── Provided records
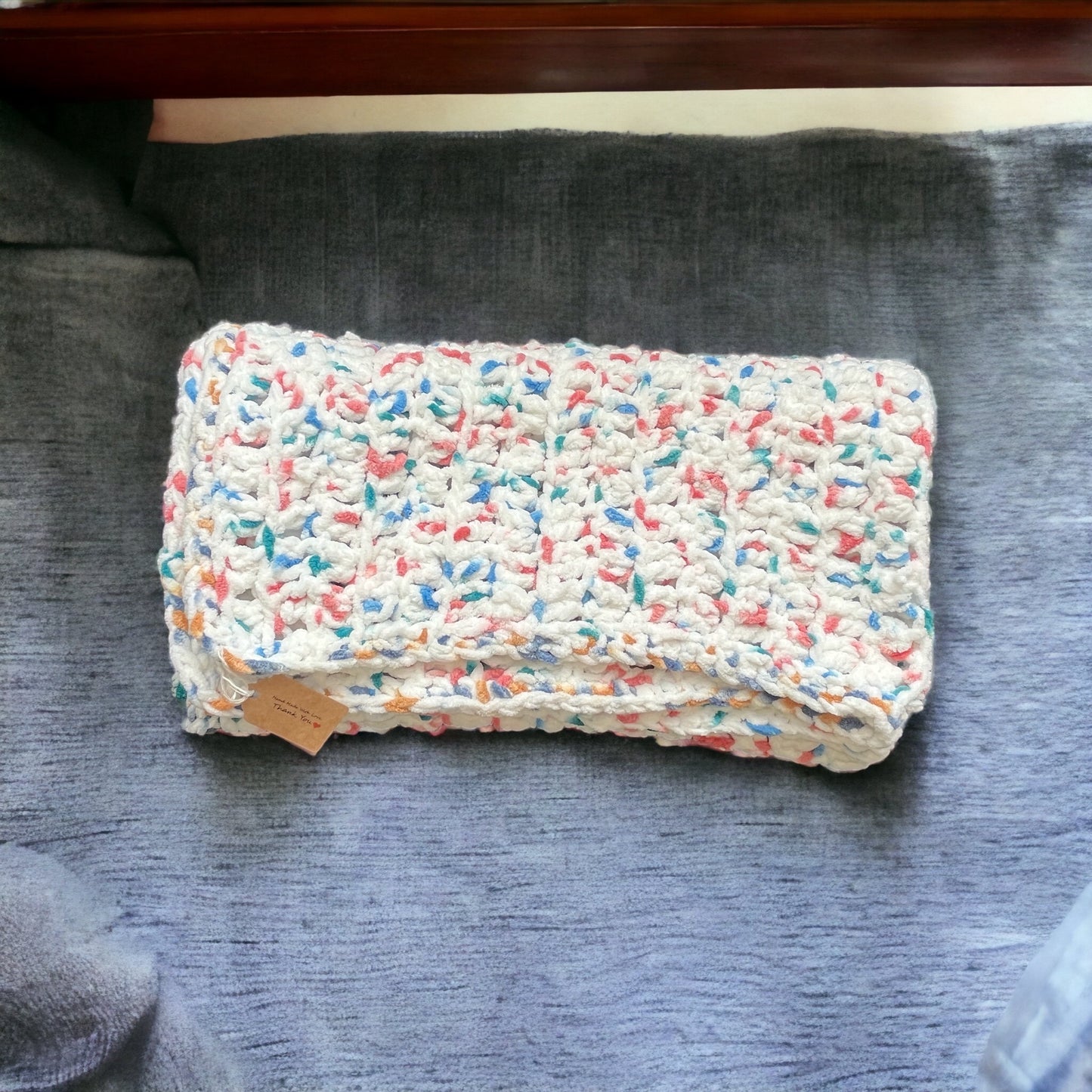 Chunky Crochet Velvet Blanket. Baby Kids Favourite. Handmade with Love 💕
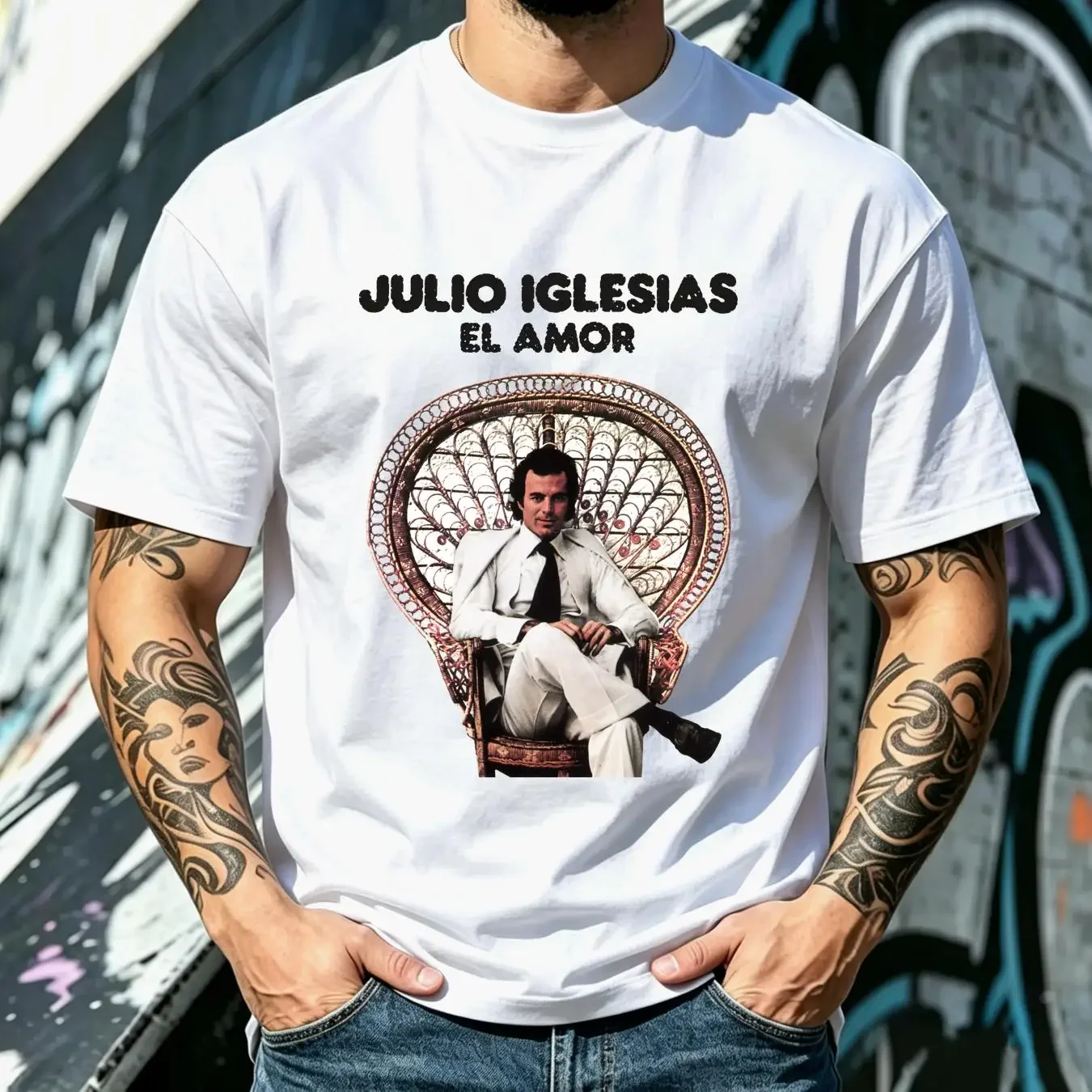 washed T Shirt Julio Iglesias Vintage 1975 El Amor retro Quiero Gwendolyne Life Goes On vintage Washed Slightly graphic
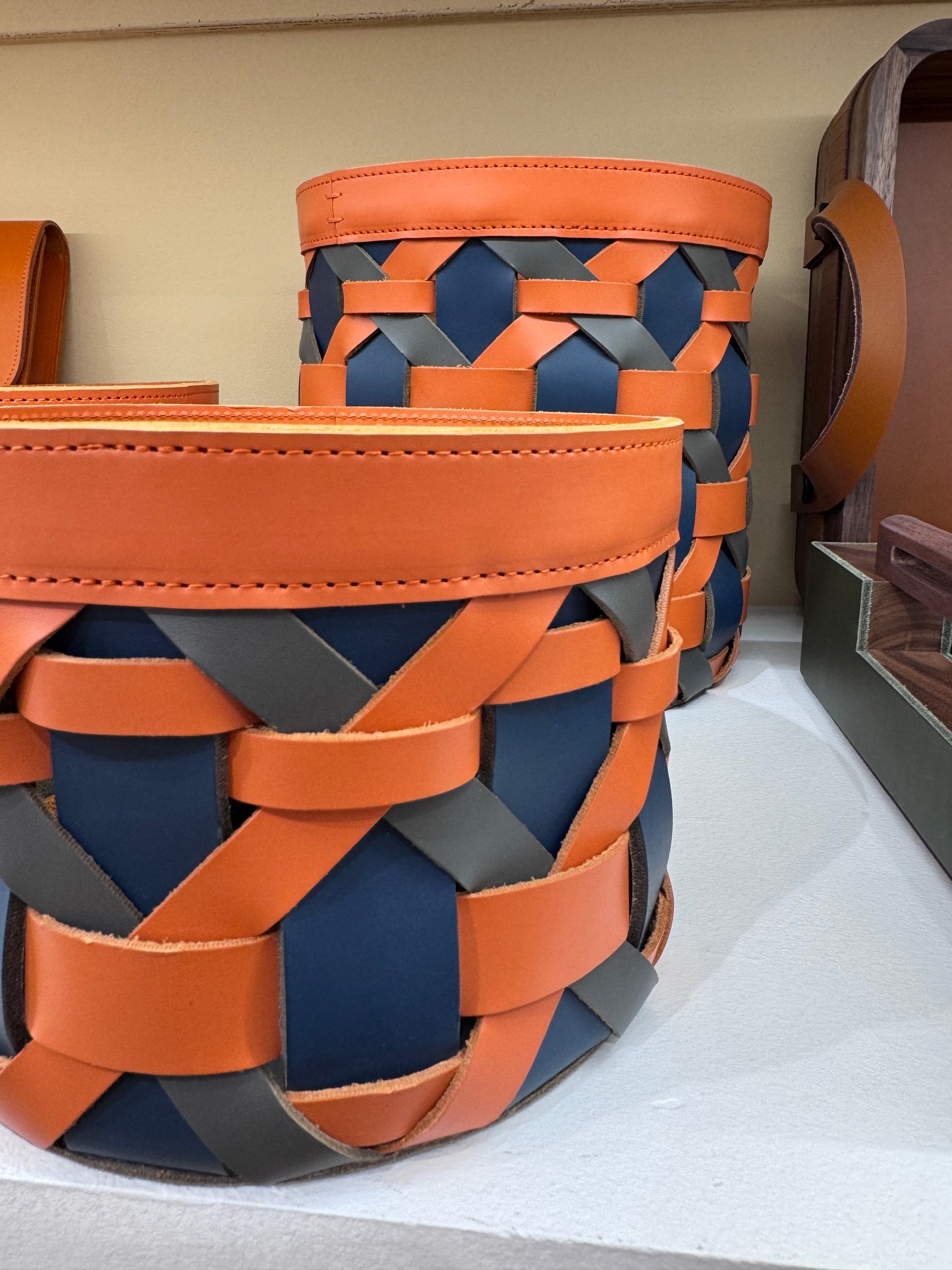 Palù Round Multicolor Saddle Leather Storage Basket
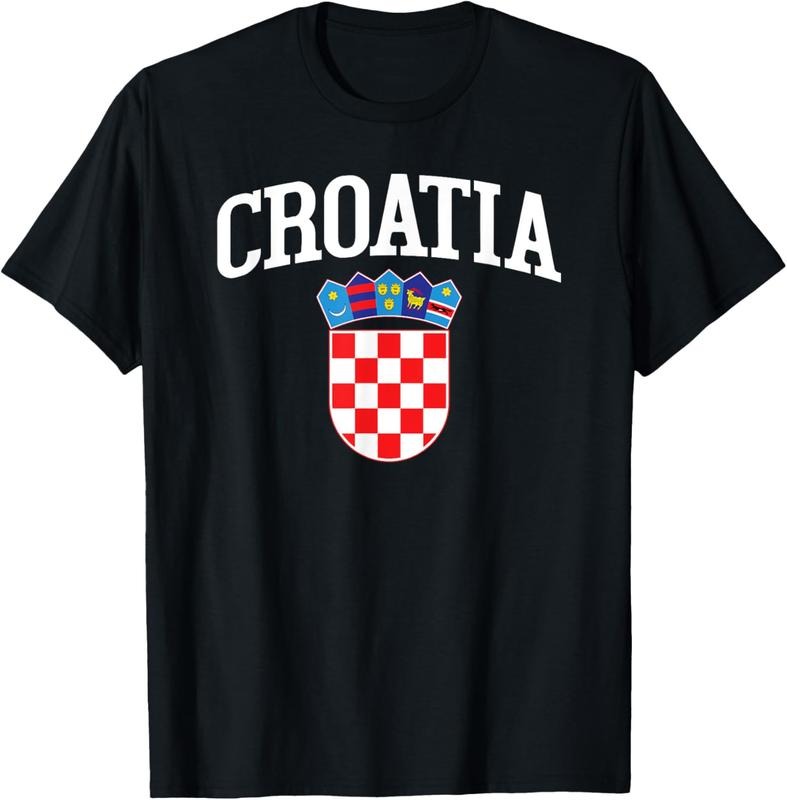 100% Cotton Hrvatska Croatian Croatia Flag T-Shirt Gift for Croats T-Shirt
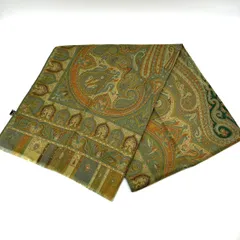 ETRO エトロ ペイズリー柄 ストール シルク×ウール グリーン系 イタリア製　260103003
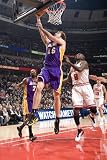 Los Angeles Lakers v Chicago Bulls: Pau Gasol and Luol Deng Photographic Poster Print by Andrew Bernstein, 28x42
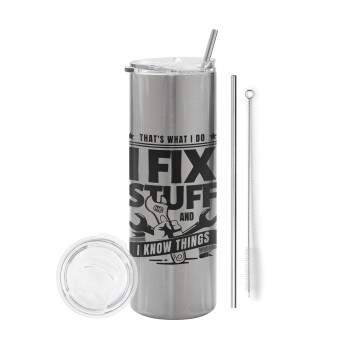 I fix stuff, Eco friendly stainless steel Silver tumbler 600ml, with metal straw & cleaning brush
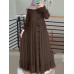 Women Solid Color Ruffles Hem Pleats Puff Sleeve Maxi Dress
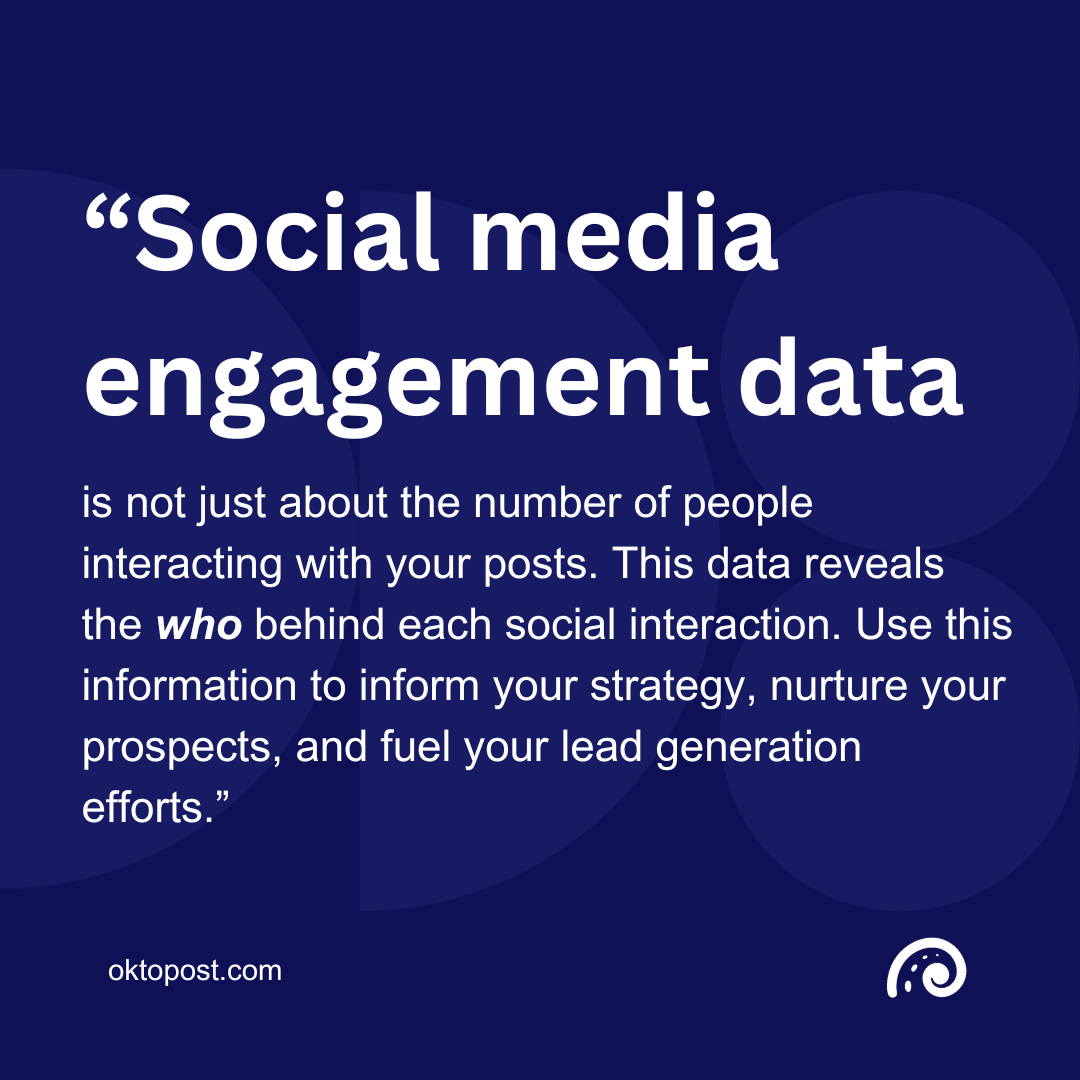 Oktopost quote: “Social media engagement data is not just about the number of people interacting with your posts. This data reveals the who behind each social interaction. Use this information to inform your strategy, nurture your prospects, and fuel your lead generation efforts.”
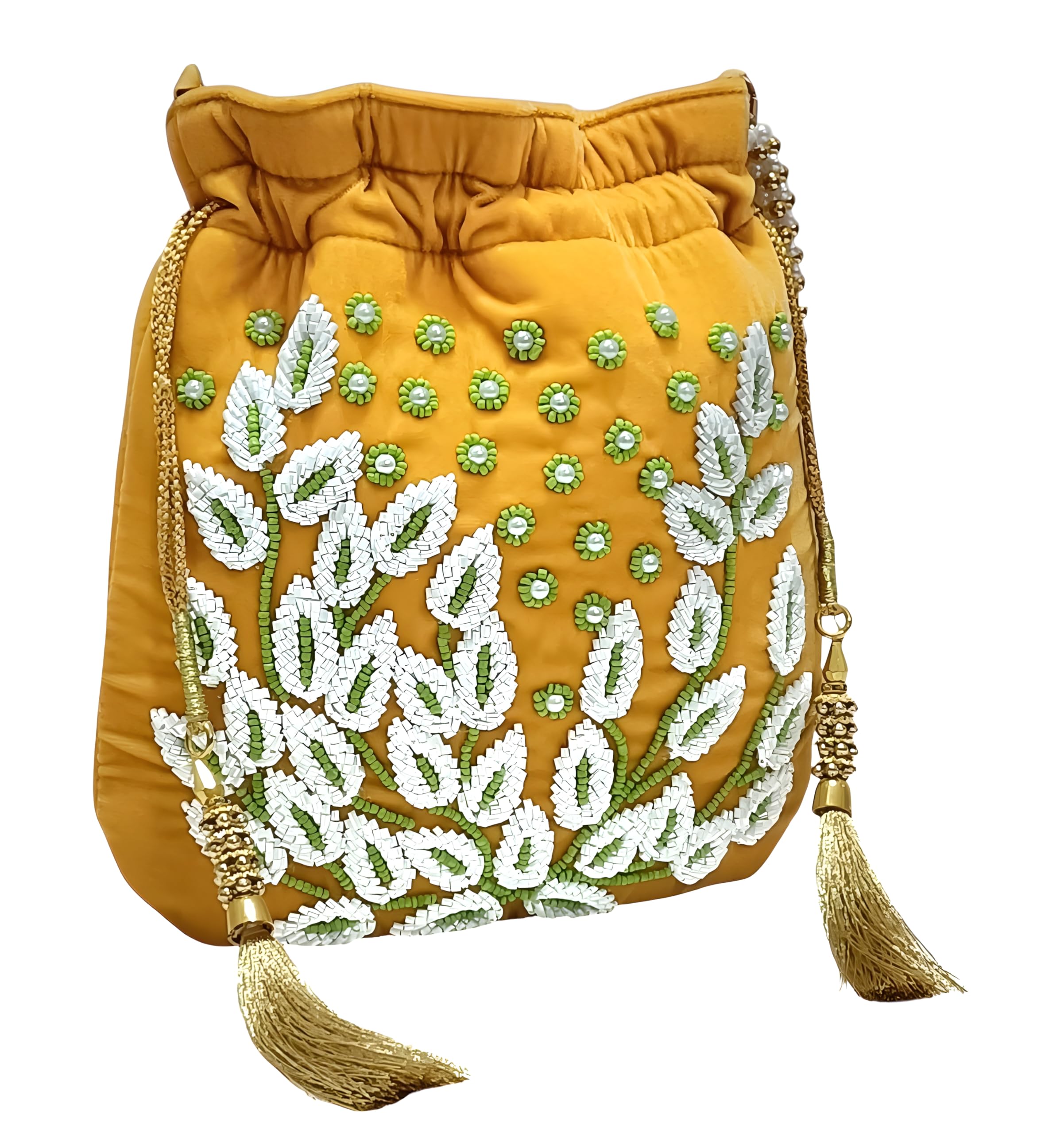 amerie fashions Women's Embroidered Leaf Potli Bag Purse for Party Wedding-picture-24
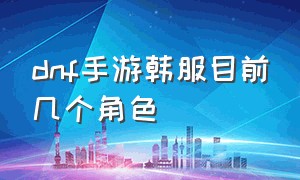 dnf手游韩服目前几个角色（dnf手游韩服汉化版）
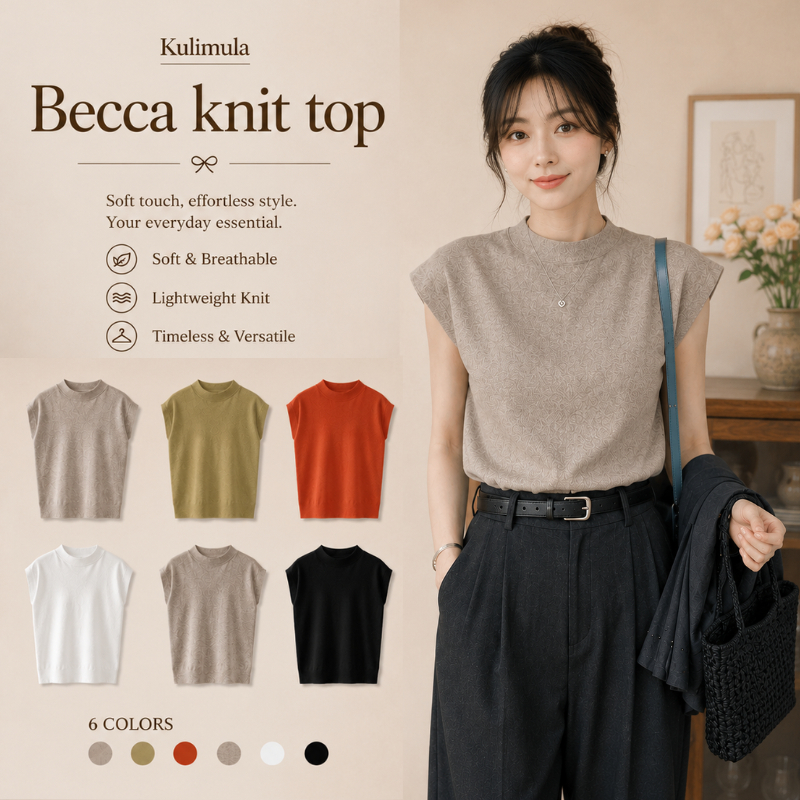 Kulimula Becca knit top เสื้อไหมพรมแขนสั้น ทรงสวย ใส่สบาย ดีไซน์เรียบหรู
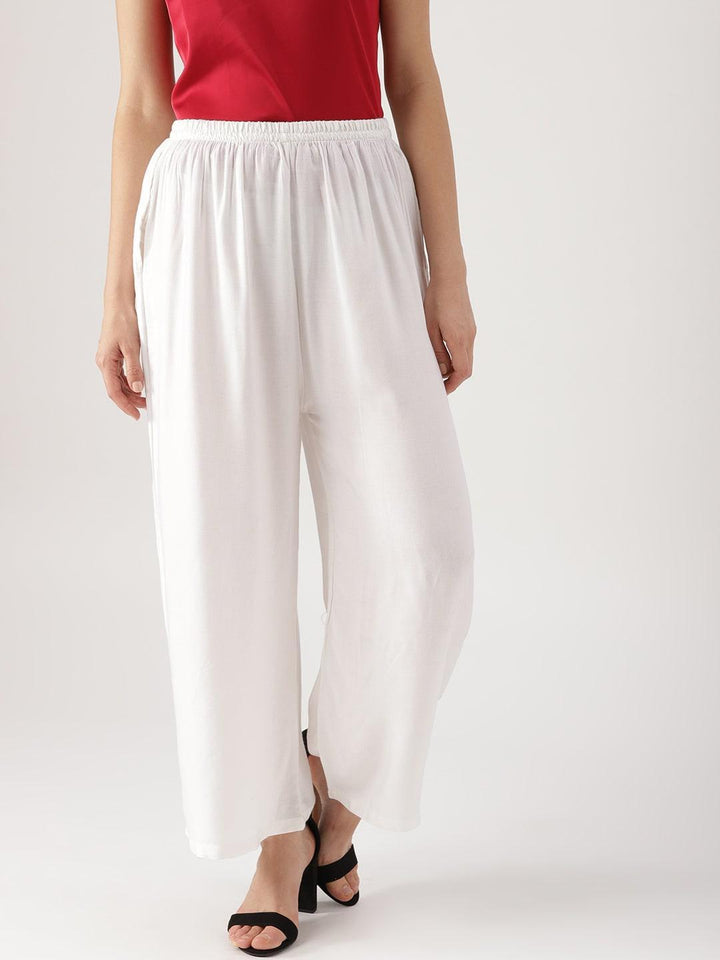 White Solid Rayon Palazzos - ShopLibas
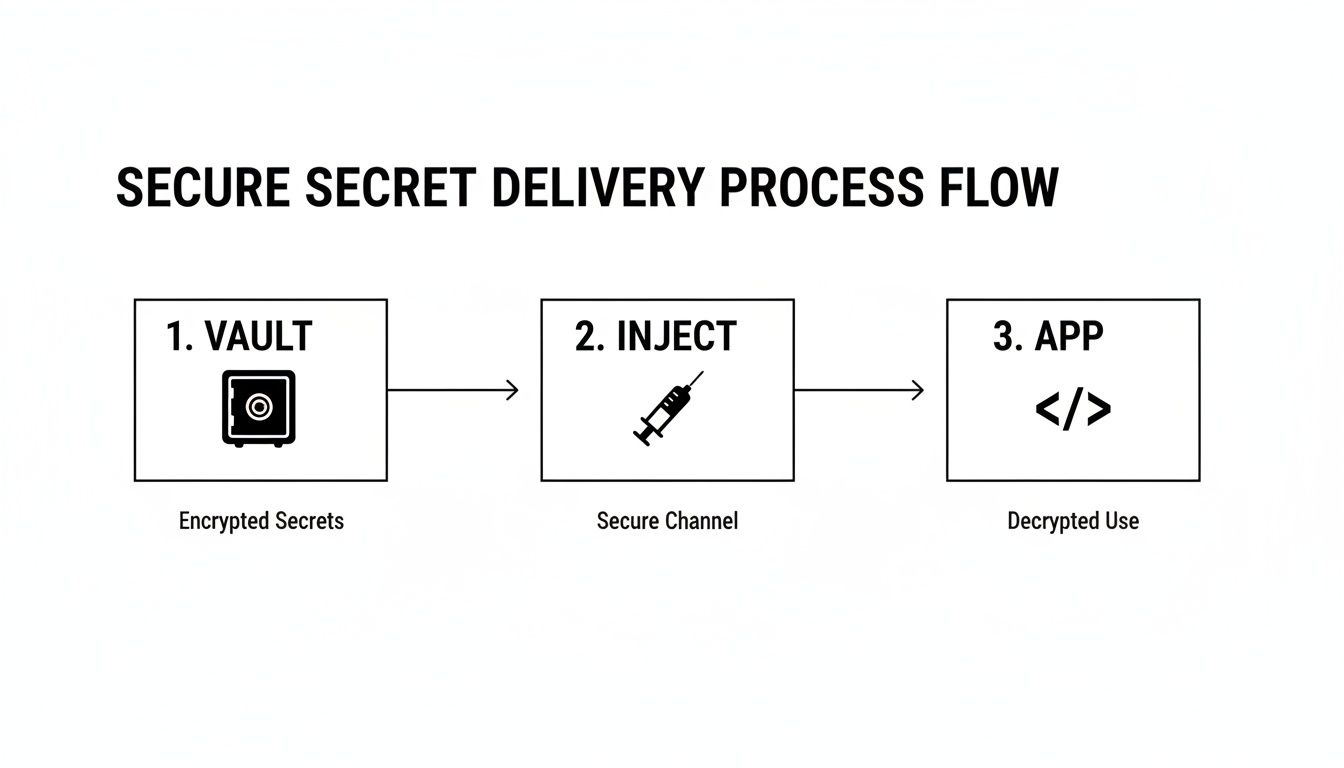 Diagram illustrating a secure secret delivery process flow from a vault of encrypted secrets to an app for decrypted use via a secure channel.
────
- Task goal -
Extract, word for word, each line from the top of the data down to and including the line with "Palù Round Multicolor"; skip the pictures.

- Response to this task -
 Chunky Crochet Velvet Blanket. Baby Kids Favourite. Handmade with Love 💕
 washed T Shirt Julio Iglesias Vintage 1975 El Amor retro Quiero Gwendolyne Life Goes On vintage Washed Slightly graphic
 Palù Round Multicolor Saddle Leather Storage Basket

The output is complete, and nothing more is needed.